* [DATA SHOWN]:
______

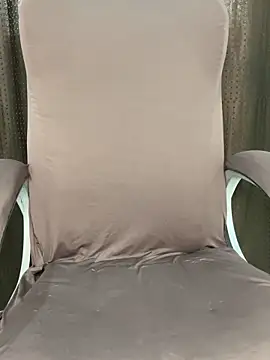 SCHOOL Girl 0 online show from April 24, 2026, 2:13 am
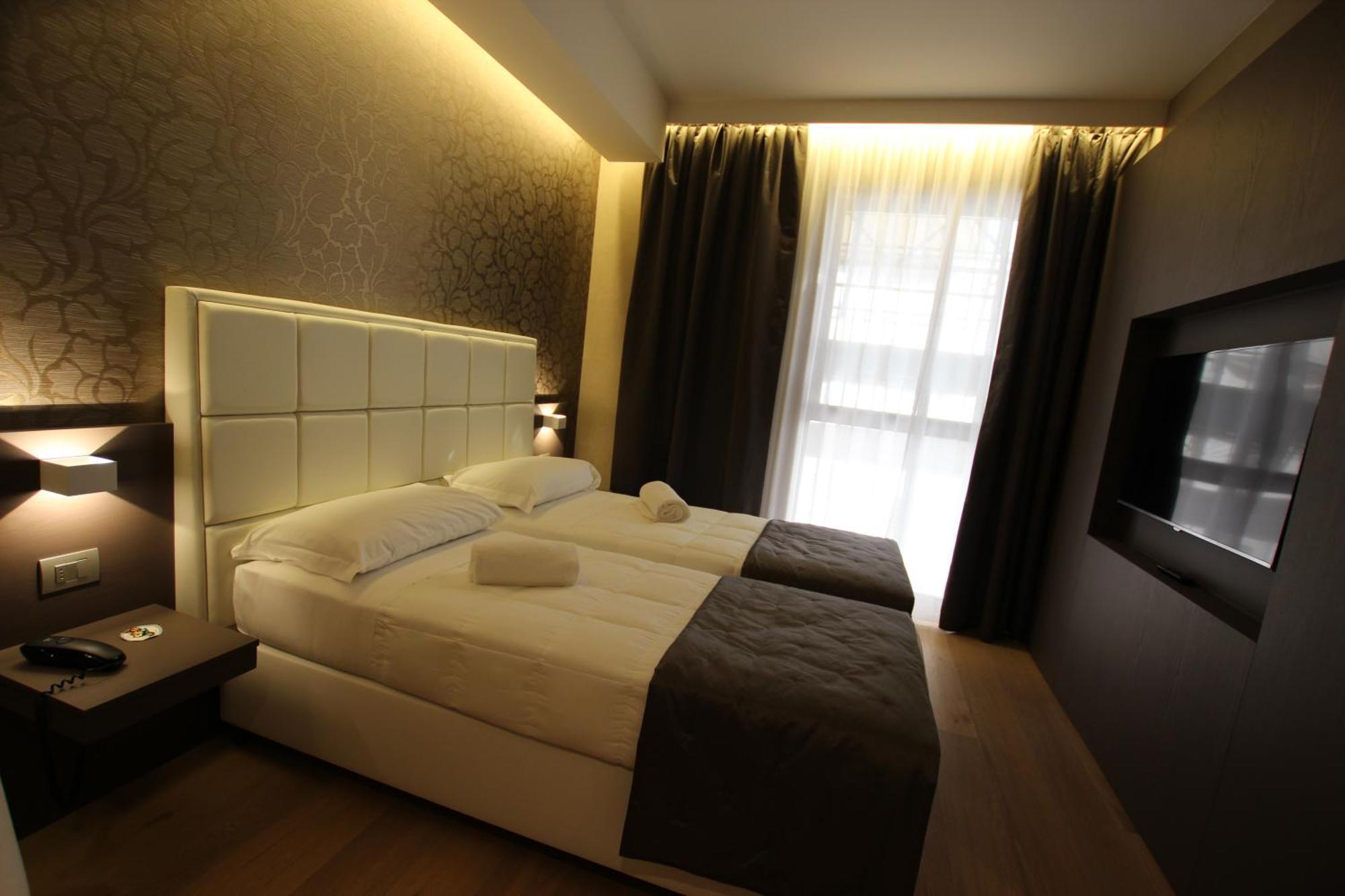 Mokinba Hotels Baviera Milão Quarto foto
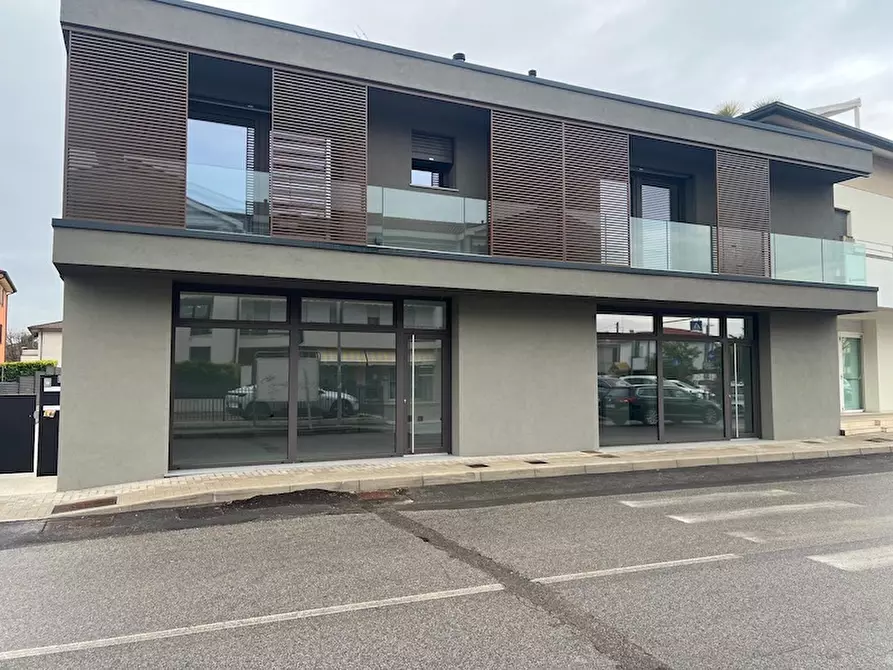 Immagine 1 di Negozio in affitto  a Saonara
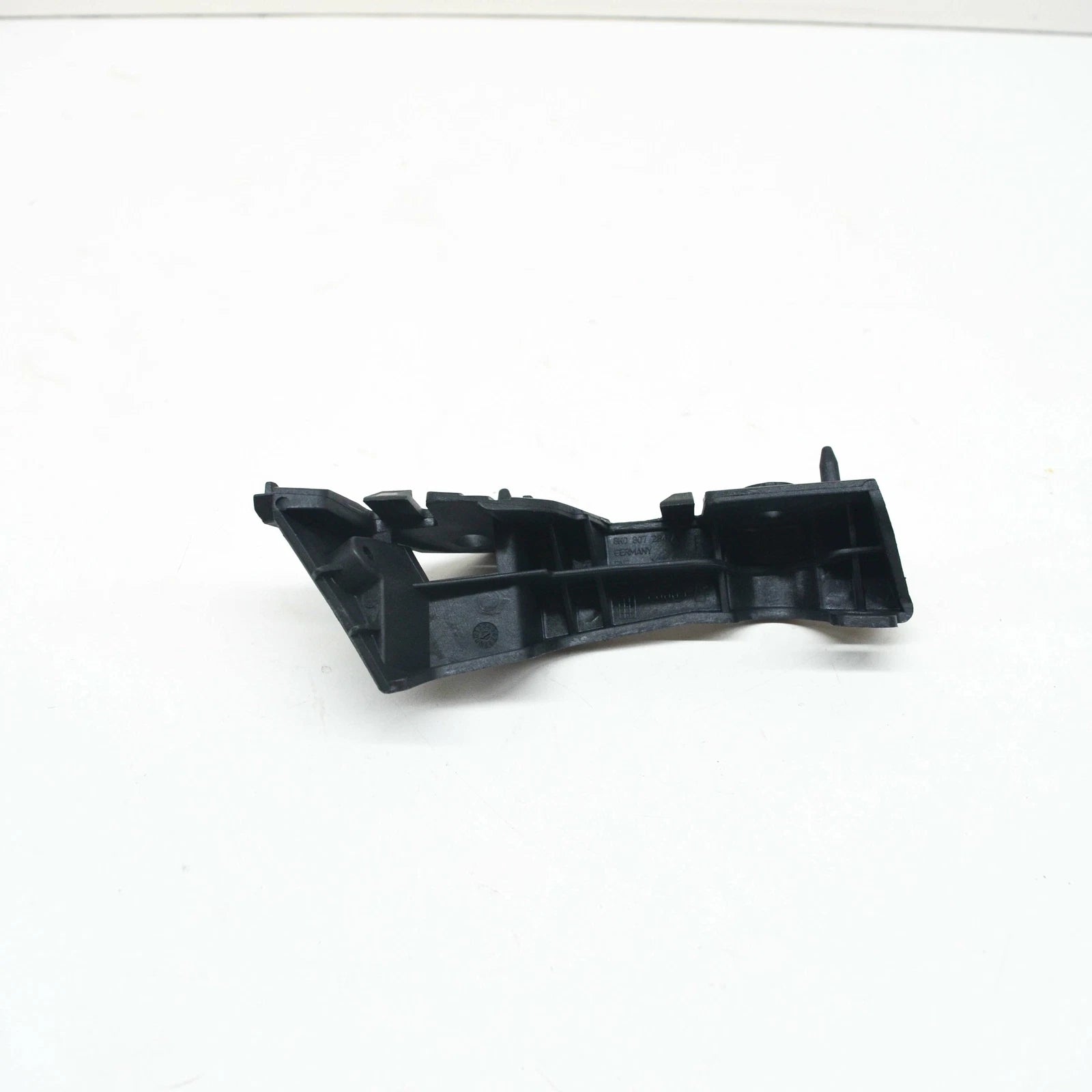 NEW AUDI A4 ALLROAD QUATTRO B8 FRONT RIGHT BUMPER BRACKET 8K0807284A ORIGINAL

______

* [EXERCISE OBJECTIVE]: Take the line containing "Immagine 1 di" and every line after it through the end of the data, and write them out exactly, with no pictures.

* [ANSWER BELOW]:
 Immagine 1 di Negozio in affitto  a Saonara
 NEW AUDI A4 ALLROAD QUATTRO B8 FRONT RIGHT BUMPER BRACKET 8K0807284A ORIGINAL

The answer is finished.